UC Davis chemists use catalysts (shown as gray spheres) to make organic compounds (blue sticks) with specific chirality, or “manity.” Most biological molecules are chiral, including many prescription drugs. This discovery could facilitate the synthesis of pharmaceuticals with the right symmetry. Credit: William DeSnoo/UC Davis
In nature, organic molecules are either left-handed or right-handed, but it is difficult to synthesize molecules with specific “handleability” in the laboratory. Make a drug or enzyme with the wrong “hands” and it simply won’t work. Today, chemists at the University of California, Davis, are getting closer to emulating nature’s chemical efficiencies through computer modeling and physical experimentation.

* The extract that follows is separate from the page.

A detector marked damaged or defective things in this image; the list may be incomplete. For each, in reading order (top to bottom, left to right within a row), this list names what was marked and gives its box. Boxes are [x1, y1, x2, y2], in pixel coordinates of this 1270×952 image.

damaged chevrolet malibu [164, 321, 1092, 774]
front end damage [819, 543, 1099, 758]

In a study published on January 10 in Nature, Professor Dean Tantillo, graduate students William DeSnoo and Croix Laconsay and colleagues at the Max Planck Institute in Germany report the successful synthesis of specific chiral (“hand”) molecules using simple hydrocarbon rearrangements in the presence of catalysts complex organics. Most biological compounds, including many prescription drugs, are chiral.
Tantillo and his colleagues hope the results will allow scientists to better harness hydrocarbons for a variety of purposes, such as precursors to drugs and materials.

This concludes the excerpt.